> _Task instructions_: Taking only the lines of the data below from the line with "A house you" to the line with "View VOLKSWAGEN TIGUAN", ends included, write them out exactly and without pictures.

> _Records to process_:
════════════════════
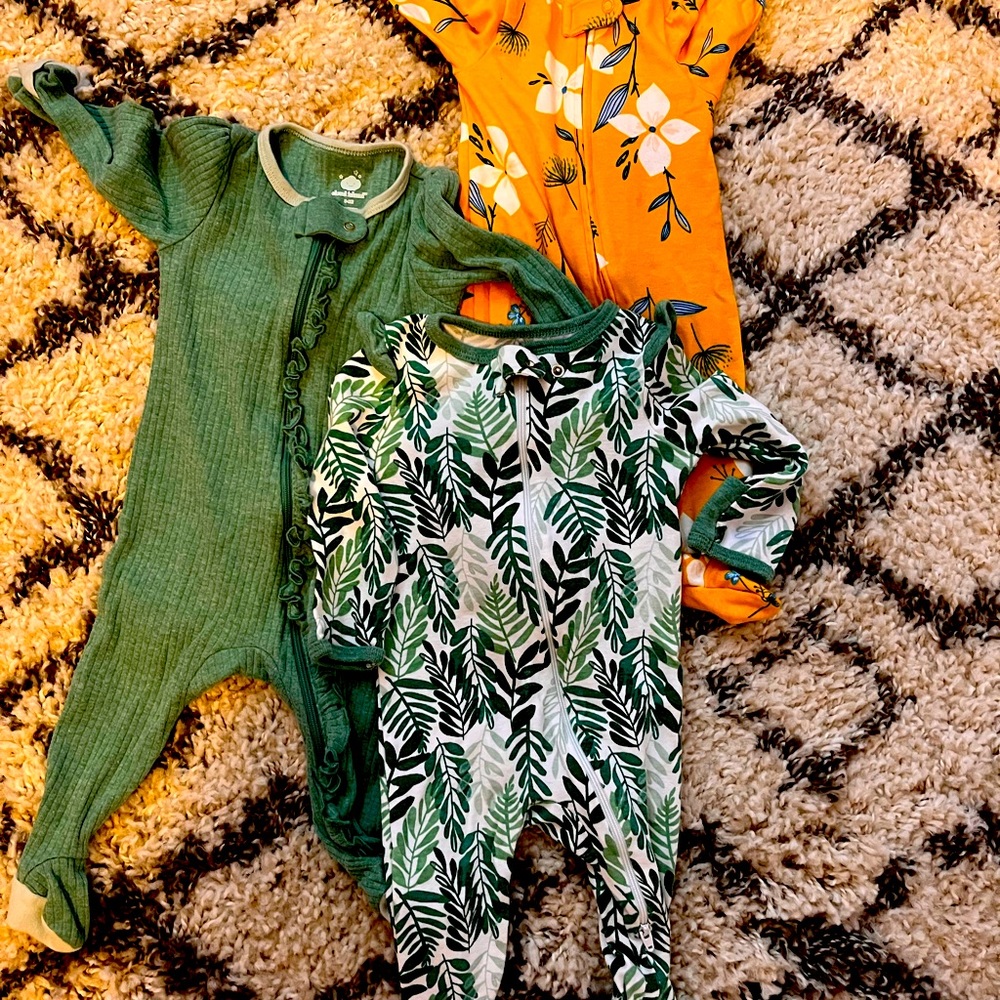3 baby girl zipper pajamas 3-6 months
════════════════════
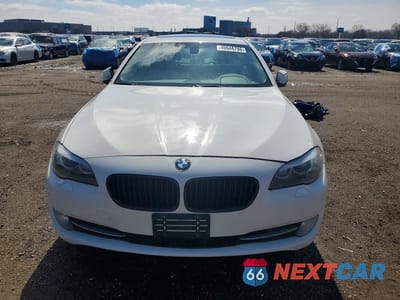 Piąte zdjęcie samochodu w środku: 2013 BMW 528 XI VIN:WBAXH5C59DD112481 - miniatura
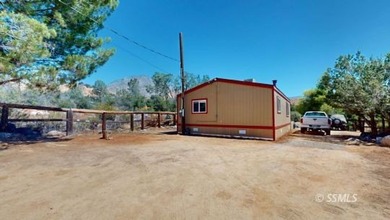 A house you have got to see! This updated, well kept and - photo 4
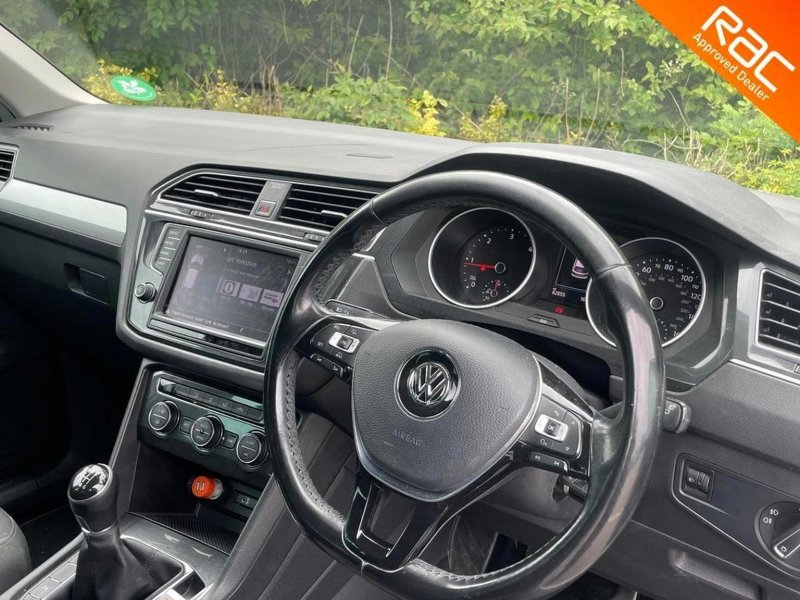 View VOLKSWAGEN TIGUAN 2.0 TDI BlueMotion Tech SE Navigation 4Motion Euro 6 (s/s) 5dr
════════════════════
> _Solution to this task_:
 A house you have got to see! This updated, well kept and - photo 4
 View VOLKSWAGEN TIGUAN 2.0 TDI BlueMotion Tech SE Navigation 4Motion Euro 6 (s/s) 5dr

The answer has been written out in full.